Salami said Iran's enemies were not seeking military confrontation. "They want to pressure our country by economic isolation ... Resistance is the only way to confront these enemies, not diplomacy," Fars quoted him as saying.
Trump also said on Tuesday he would revive U.S. economic sanctions against Iran, penalising foreign firms doing business with Tehran and further undermining what he called "a horrible, one-sided deal that should have never, ever been made".
Europeans fear a collapse of the deal could raise the risk of deepening conflicts in the Middle East.
Early on Thursday, Iranian forces launched their first attack on Israel from inside Syria, firing rockets at army bases in the Golan Heights, Israel said.
That prompted one of the heaviest Israeli barrages against Syria since the conflict there began in 2011.
The pact, the signature foreign policy achievement of Trump's predecessor Barack Obama, was designed to prevent Iran developing a nuclear bomb in exchange for lifting most sanctions that had crippled its economy. Sanctions were removed in 2016.

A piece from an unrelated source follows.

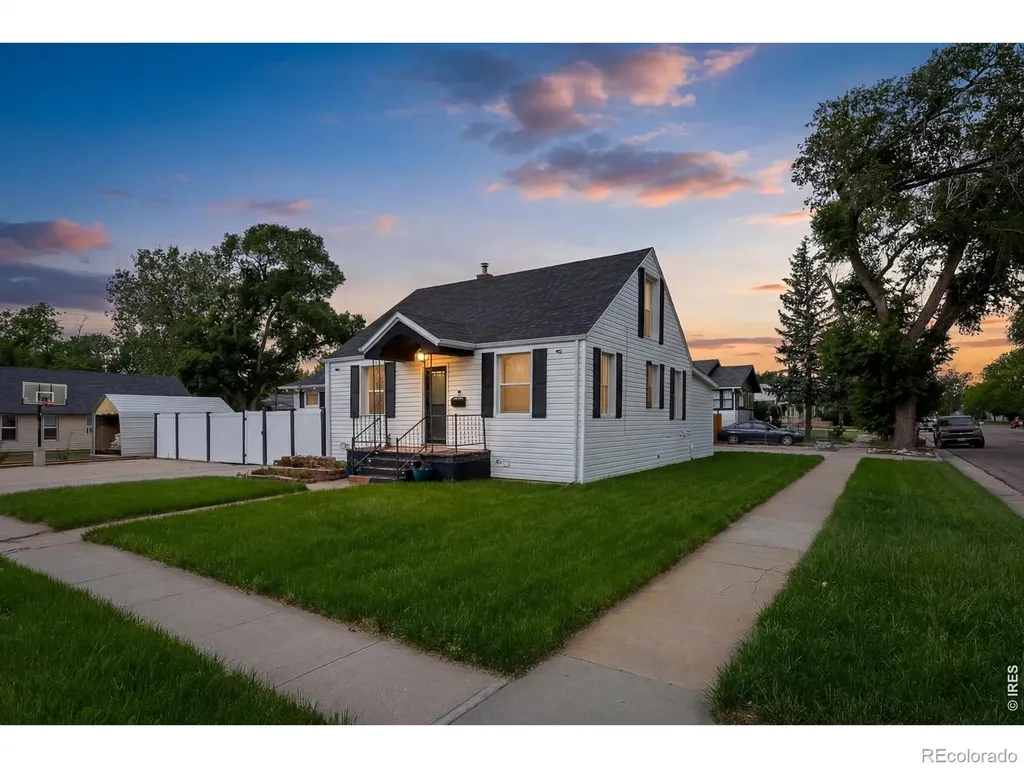 802 S 6th Avenue Sterling CO 80751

Trump complained that the agreement failed to address Iran’s ballistic missile programme, its nuclear activities beyond 2025 or its role in conflicts in the Middle East, where Tehran has been involved in a proxy war from Lebanon to Yemen for decades.
In defiance of Western pressure to curb the missile programme, Tehran says it is essential precautionary defence against the United States and other adversaries, primarily Gulf Arab states and Israel.
"Exiting the deal and their concerns over Iran's missile work are excuses to bring our nation to its knees," Salami said.
The Guard's overseas arm, the Quds force, operates in Iraq, Syria and Yemen among other places.